Over the course of therapy, the individual may be able to tolerate more introspection and gain some insights to his or her processes.  The therapeutic process facilitates this with an artful blend of feedback and focusing attention to feelings as well as behaviors.  The therapist uses his or her interactions in session with the individual, the interactions between the partners, as well as the partner's descriptions of their interactions.  From these observations, the therapist can empathetically feed back how the individual maintains rigid boundaries between self and the partner (and the therapist) as protection from being harmed.  The therapist is challenged since the individual's presentation may be very curt, bordering on being rude and disrespectful.  The narcissist may assert verbally or through affect or behavior that no rapport exists between self and therapist.  And, that the therapist has little or nothing to offer to improve his or her life or the couple's relationship.  The therapist is caught in a dilemma.  If the narcissist complains about the therapist not giving him or her sufficient attention, not understanding him or her, or taking sides with the partner, any attempts to be more attentive or "fair" is dismissed with distain or accepted smugly.  Or, the therapist can argue that he or she is being equitable therapeutically with both partners.  Neither response has therapeutic integrity or serves the individual or the relationship.  Becoming a caretaker, ally, or the source of soothing or confirmation does not work and will be rejected anyway.  After repeated rejections, the therapist can become emotionally distant.  This would simultaneously confirm the narcissist's accusations and replicate the narcissist's prior and current experiences with intimacy.  The individual feels abandoned… again.  The frustrated therapist may eventually recognize his or her role in the problematic therapeutic relationship.  Attempting to promote therapeutic rapport with the narcissist who innately resists bonding without identifying the relational dynamics inadvertently reaffirms the narcissist defense mechanisms.  Seeking relationship with the narcissist is resisted as he or she has resisted the partner.

THIRD-PERSON OBSERVER
The advantage of couple therapy in metacommunicating about the communication and relationship dynamics is the availability of a third-person confirmation.  In the couple's relationship between partners, the narcissist can readily deny the dynamics to the partner.  His or her great skills in convincing the partner of errors of perception and interpretation make it easy to deny his or her avoidance behaviors.  In individual therapy, the narcissist can present a false self and also maintain any therapist interpretation as being incorrect.  The therapist will be getting what everyone else has gotten and not recognize it.  In couple therapy, however the therapist becomes the third-person observer for the partner, while the partner becomes the third-person observer for the therapist.  The partner can get confirmation from the therapist that his or her perceptions and interpretations of the relationship communication and relationship dynamics have validity… perhaps, for the first time.  When the narcissist denies his or her internal cognitive and affective process or engages the therapist in verbal manipulation, the therapist can use the partner to reinforce therapeutic interpretations and feedback.  For example, "Just right now, I experienced you telling me that what I saw and felt was incorrect… that my reality was wrong."  When the narcissist starts to rationalize, justify, or otherwise reassert his or her perceptions as valid (and the therapist's as invalid), the therapist can turn to the partner and ask, "What just happened here between your partner and me… is that what happens to you?  Does he or she do that to you too?"  Referencing to the partner for personal experiences and validation of the therapist's experience of the narcissist becomes a frequent and regular intervention whenever the individual reverts to narcissistic responses.  This powerful intervention places the partner in a psuedo-therapist role to comment on the narcissist-therapist dynamics.  As the therapist can validate the partner's experience with the narcissist, the partner validates the therapist's experience with the narcissist.  The therapist will of course have to deal with the narcissist feeling ganged up on, being exposed and made vulnerable, being made "wrong," and instincts to "kill the therapist or therapy."  Nevertheless, this is a critical intervention that fundamentally and directly confronts the omnipotence of the narcissist.

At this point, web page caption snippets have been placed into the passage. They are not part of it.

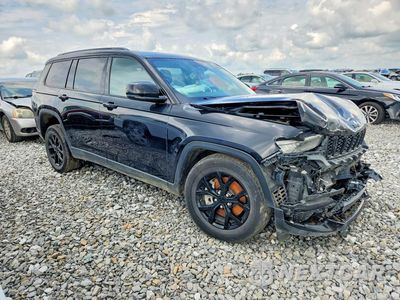 Czwarte zdjęcie samochodu z boku: 2024 JEEP GRAND CHEROKEE L LAREDO VIN:1C4RJKAG1R8517639 - miniatura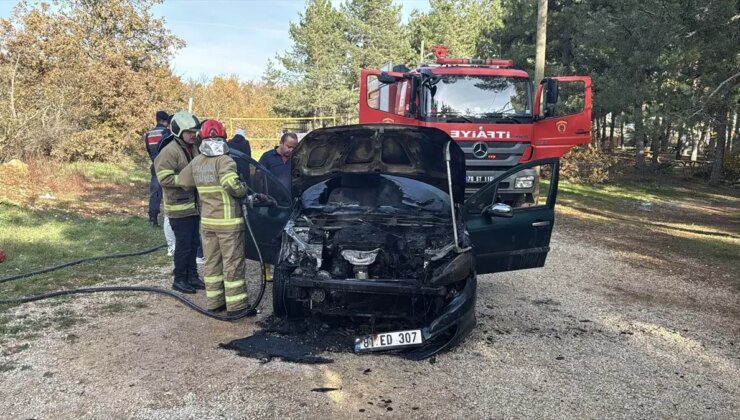 Safranbolu’da Park Halindeki Otomobil Yandı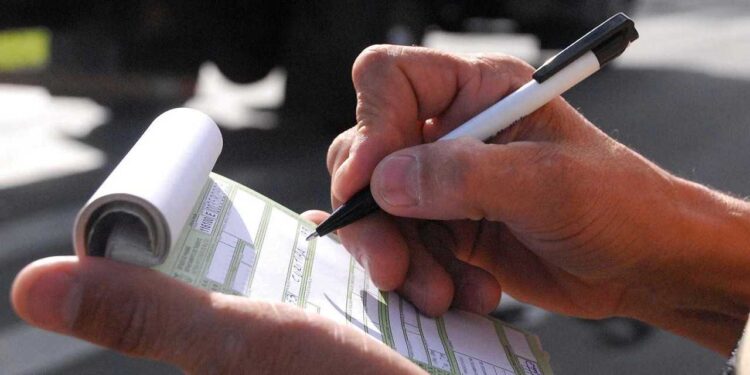 Motoristas comemoram nova ação do governo que promete reduzir o número de multas no Brasil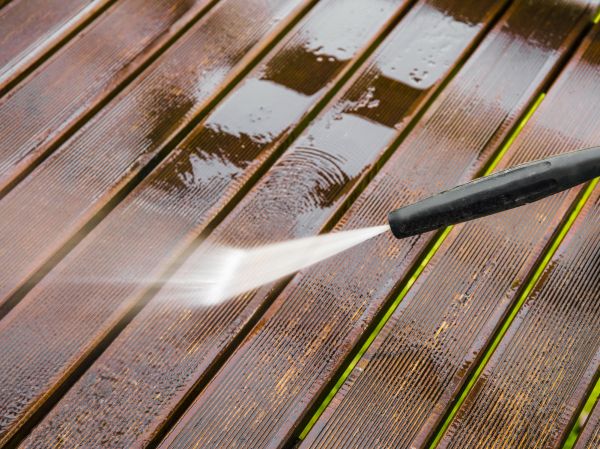 Cost of Deck Pressure Washing in Naperville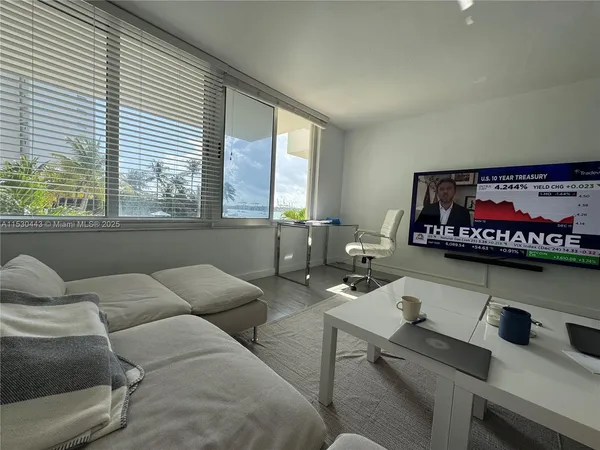 $3,274 | 1200 West Avenue, Unit 202, Miami Beach, FL 33139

The therapist needs to recognize and understand typical defensive responses by most individuals to being attacked are:

1) To attack back;
2) To get defensive;
3) To placate;
4) To disassociate.
5) To take the high ground intellectually or morally.

Being the third-person observer for the partner and using the partner as a third-person observer are likely to trigger one or more of these responses.  Whenever the narcissist attacks his or her partner however, the therapist can assert being a third-person observer and name his or her behavior.  "I noticed that when your partner complained about how you treat him (or her), you responded in this characteristic way (name one or more of his or her typical defensive response).  You pretty much respond this way instinctively virtually every time... or at least, too often.  It causes more problems.  It hurts or dismisses your partner."  If the narcissist attacks or criticizes the therapist either from some exchange found threatening or when the therapist makes such an observation, the therapist again can use the partner as the third-person observer.  "When I commented or criticized your words or behavior towards your partner, you shifted to criticizing me... or making me wrong.  (turning to the partner) Isn't that what he (or she) does to you too?  Is how he reacted to me familiar to you?"  This can be such a powerful intervention that shifts the partners' dynamics, that the therapist should purposely draw an attack from the narcissist!  Rather than trying to please the narcissist and avoid his or her negativity, provoking angry belittling, disrespectful, or dismissive behavior may be the key to therapeutic change, individual growth, and couple's functionality.  Only then can an alternative interactional dynamic be introduced and facilitated.  Bring it on!

While the narcissist's attacks are essentially defensive in nature, the therapist's experience remains feeling attacked.  His or her natural defensive instincts will be triggered.  The therapist needs to be aware of his or her personal defensive style and which of these five styles is his or her- the therapist's instinctive response or combination of responses.  Without qualification, each of the responses above serves to distance the therapist from a challenging/attacking person in a comparable manner the person distances from intimate others, including the partner and the therapist.  If the therapist believes that at some deeper level, the narcissist is still seeking attachment, a nurturing caregiver, or authority figure, then unsophisticated defensive responses- unexamined counter-transference reactions become counter-therapeutic.  The partner of the narcissist has almost certainly either ranged through the various defensive responses and/or become stuck with one response style.  When the therapist finds him or herself instinctively caught up with a characteristic personal defensive response, he or she should step back and comment on the process as a third person observer.  This is the therapist observing him or herself.

"I notice that while I'm neither person's partner, that I start to not like you when you do certain things.  I experience what you say to me as disrespectful... as you questioning and challenging my credentials.  Since I don't like that, my non-professional instinct is to avoid you or hurt you back.  However, as your therapist... your couple therapist, instead of rejecting or abandoning you, I'm telling you how you affect me.  And how you affect me is how you affect your partner... right? (quick look to partner for confirmation).  And how you've affected others.  Despite feeling in the right... self-righteous is a more accurate term, it doesn't really work for you over the long haul.  It kinda works to get various gains, but in terms of relationships you lose out.  Your partner is questioning the relationship.  You aren't getting the intimacy you desire.  This has happened to you over and over in personal and professional life."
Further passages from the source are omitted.